Мы ориентируем судей на то, чтобы правосудие было более понятным людям, нужно искать такие решения, которые общество воспримет как справедливые, разумные, взвешенные. Судьи — исполнители законов и обязаны работать в пределах установленных санкций. Сейчас мы все делаем для того, чтобы свести к минимуму количество людей в местах лишения свободы.
Лишение свободы в структуре уголовного наказания составляет у взрослых осужденных 22 процента, а у несовершеннолетних только 10 процентов.

Мы должны адаптировать практику назначения наказаний, законодательство к реальным возможностям и к тому, что происходит в обществе. Если в Беларуси в последние 10 лет отмечается улучшение криминогенной ситуации и уровень преступности снижается, то можно плавно смягчать санкции. Вот часто говорят якобы об огромном количестве несовершеннолетних в колониях, на самом же деле их 140 человек. Согласно международным нормам, это нормальная ситуация. Так что белорусский суд далеко не самый суровый. В то же время, мы должны учитывать общую криминогенную картину и признать, что в стране высокий уровень рецидивной преступности — более 30 процентов. Это учитывается при назначении наказания тем, кто уже был судим.
— Видеопротоколы, единая база судебных решений и другие новшества оказались не такой уж и далекой перспективой. Какие задачи еще не решены?

— Как раз об этом много говорилось на открытии Президентом нового здания Верховного Суда. Кстати, само здание с его уникальными техническими возможностями подтолкнуло нас к тому, что такими современными должны быть все суды. Мы уже используем новейшие технологии, к примеру, для извещения сторон, допрашиваем по видеосвязи свидетелей и обвиняемых.
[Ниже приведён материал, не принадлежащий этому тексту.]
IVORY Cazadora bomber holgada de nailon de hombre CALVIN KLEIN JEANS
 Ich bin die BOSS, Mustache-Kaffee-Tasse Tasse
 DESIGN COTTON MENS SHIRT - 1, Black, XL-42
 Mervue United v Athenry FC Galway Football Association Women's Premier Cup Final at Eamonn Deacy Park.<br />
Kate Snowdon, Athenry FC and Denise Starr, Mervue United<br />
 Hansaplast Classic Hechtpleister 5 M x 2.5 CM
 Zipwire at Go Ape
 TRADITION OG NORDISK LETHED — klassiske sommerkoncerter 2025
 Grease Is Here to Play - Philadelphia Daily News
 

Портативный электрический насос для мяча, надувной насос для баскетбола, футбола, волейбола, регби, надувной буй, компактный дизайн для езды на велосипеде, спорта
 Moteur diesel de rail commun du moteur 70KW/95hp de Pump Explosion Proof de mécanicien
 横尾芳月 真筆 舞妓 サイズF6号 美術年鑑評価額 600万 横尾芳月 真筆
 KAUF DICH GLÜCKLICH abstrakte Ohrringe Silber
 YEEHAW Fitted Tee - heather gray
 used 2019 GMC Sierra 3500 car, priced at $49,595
Сейчас работаем над тем, чтобы аналогичным образом заслушивать людей в следственных изоляторах в апелляционном судопроизводстве. Также создаем электронный банк данных и автоматизированную информационную систему судов, которая позволит из Верховного Суда отслеживать абсолютно любое дело, рассматриваемое любым судом. Это уникальная возможность, однако обновленная система и от судов требует нового уровня подготовленности.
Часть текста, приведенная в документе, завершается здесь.